• Required action: All lines from the one that contains "Mieszkanie 2 pokoi" through the close of the entries below are to be repeated exactly, without any pictures.

• Record extracts:
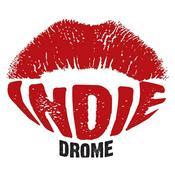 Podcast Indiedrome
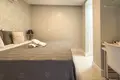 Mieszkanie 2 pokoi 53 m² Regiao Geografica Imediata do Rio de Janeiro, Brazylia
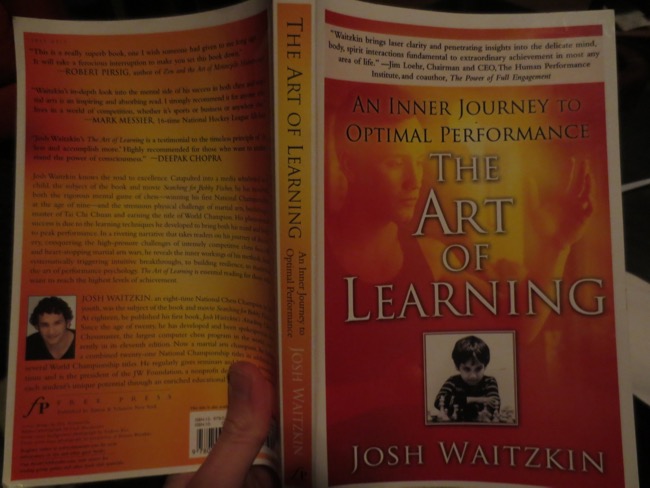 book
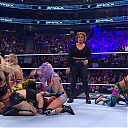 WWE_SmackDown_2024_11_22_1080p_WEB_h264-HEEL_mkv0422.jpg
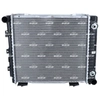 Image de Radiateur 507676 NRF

• Reply:
 Mieszkanie 2 pokoi 53 m² Regiao Geografica Imediata do Rio de Janeiro, Brazylia
 book
 WWE_SmackDown_2024_11_22_1080p_WEB_h264-HEEL_mkv0422.jpg
 Image de Radiateur 507676 NRF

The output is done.